(Directions for this task)
Since the pictures are not wanted, retype the listing below exactly and without them.

(Collected data)
☆ ☆ ☆ ☆ ☆

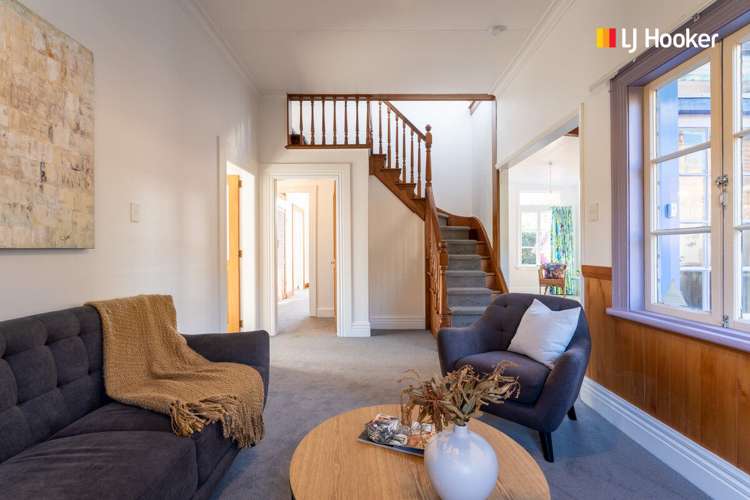 6 Marion Street Macandrew Bay_12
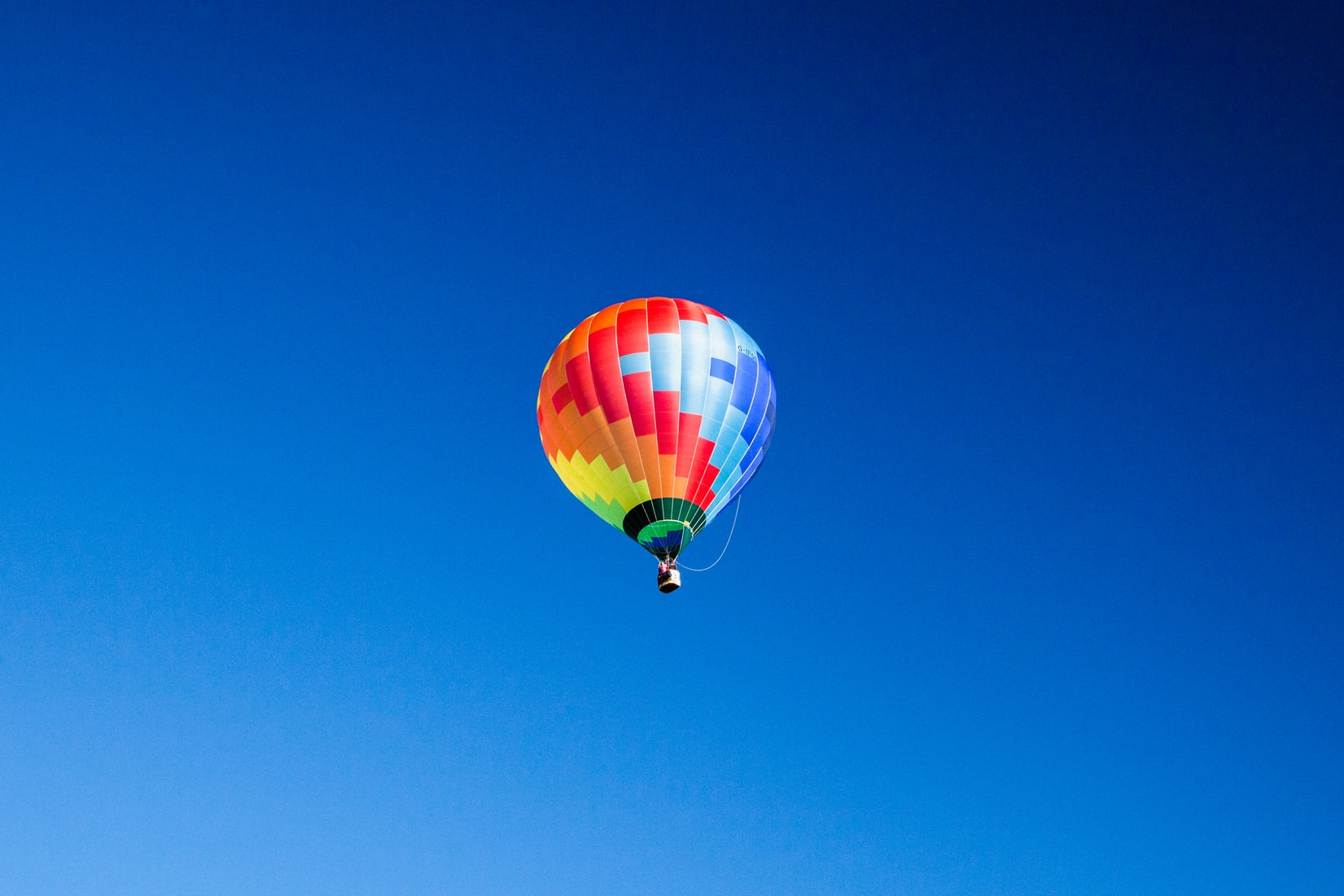 hot air balloons things to do on a solo trip stylerave 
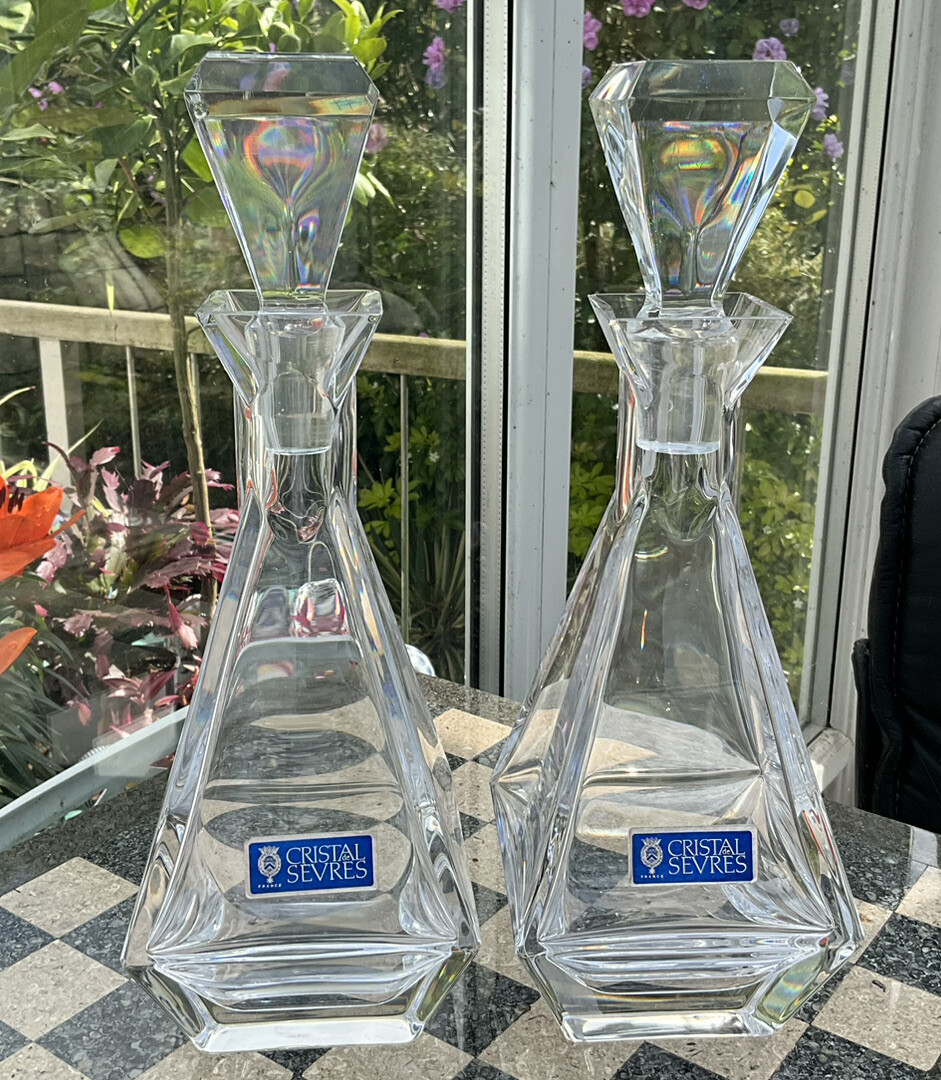Picture 2 of 22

☆ ☆ ☆ ☆ ☆

(Answer)
 6 Marion Street Macandrew Bay_12
 hot air balloons things to do on a solo trip stylerave 
Picture 2 of 22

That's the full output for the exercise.